Created for a famous sculptor, the blades are forged of a metal so rare as to almost be mythic. They carve metals as easily as bone or wood.

Magic

The sculptor was known for her detailed filigree work, and commissioned these knives to let her carve inside small areas which would otherwise be inaccessible to her hands. Anything cut by the larger blade will rematerialize in an hour; metal will reattach itself to metal just as skin will stitch itself shut.

7: Mbira (Thumb Piano)

Mundane

This palm-sized tortoise shell instrument is held in two hands. Music is made when the player’s thumbs stroke metal tines arranged in a row across the flat part of the shell. A sound hole on the curved part of the shell allows the player to adjust the quality of sound by the position of his finger. The music produced by this piano is a pleasant twang best accompanied by other bira (pianos), drums, and vocal chanting.

Masterwork

This particular mbira was made by a clever thief who was tired of losing lock picks to the city guard every time he was searched. Each of the 13 tines of the fully functioning piano doubles as a lock pick. In a culture where the mbira is not uncommon, the only way someone would search closely enough to find this is if they suspected the musician; even then, they would likely search inside the shell and not look at the tines themselves.

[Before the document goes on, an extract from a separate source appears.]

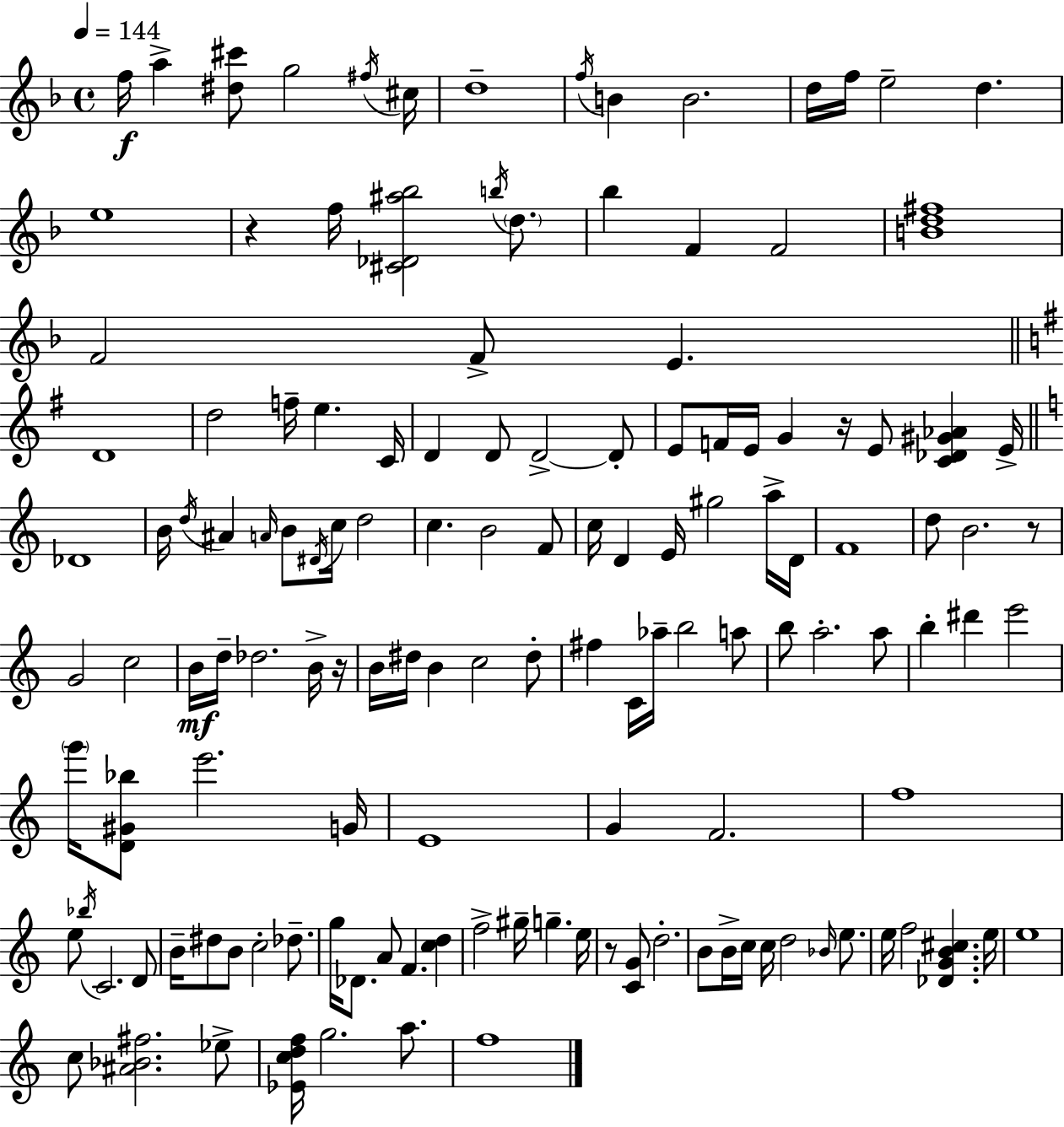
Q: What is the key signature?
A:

In cultures where this instrument is foreign, someone who knows how to play this instrument can still put on a compelling performance to convince the guards that there’s nothing to see here.

Magic

The thief who made this traveled often with a sorcerer fond of casting a magic silence in the area of their targets. While the thief appreciated the veil, he grew tired of not being able to hear sounds himself. He and the sorcerer devised an enchantment that creates a zone of silence around the shell–but one may hold the shell to his ear to hear the sounds that are otherwise muffled in the zone.

8: Cartographer’s Charts

Mundane

This item is an unfinished yet highly detailed map of a largely unexplored area. It bears the insignia of an elite cartographer’s guild.

Masterwork

These maps benefit from “satellite imagery;” in fantasy terms, the mapmaker had the benefit of flight in creating these maps (whether by balloon, carpet, or dragon depending on the flavor of your fantasy).

Magic

The map fills itself in as one is exploring unmapped territory. The guild represented by the insignia is a secretive worldwide group of explorers who wishes to map every place on the earth. Only a few of these magic maps are in their possession, and they are given to trusted explorers.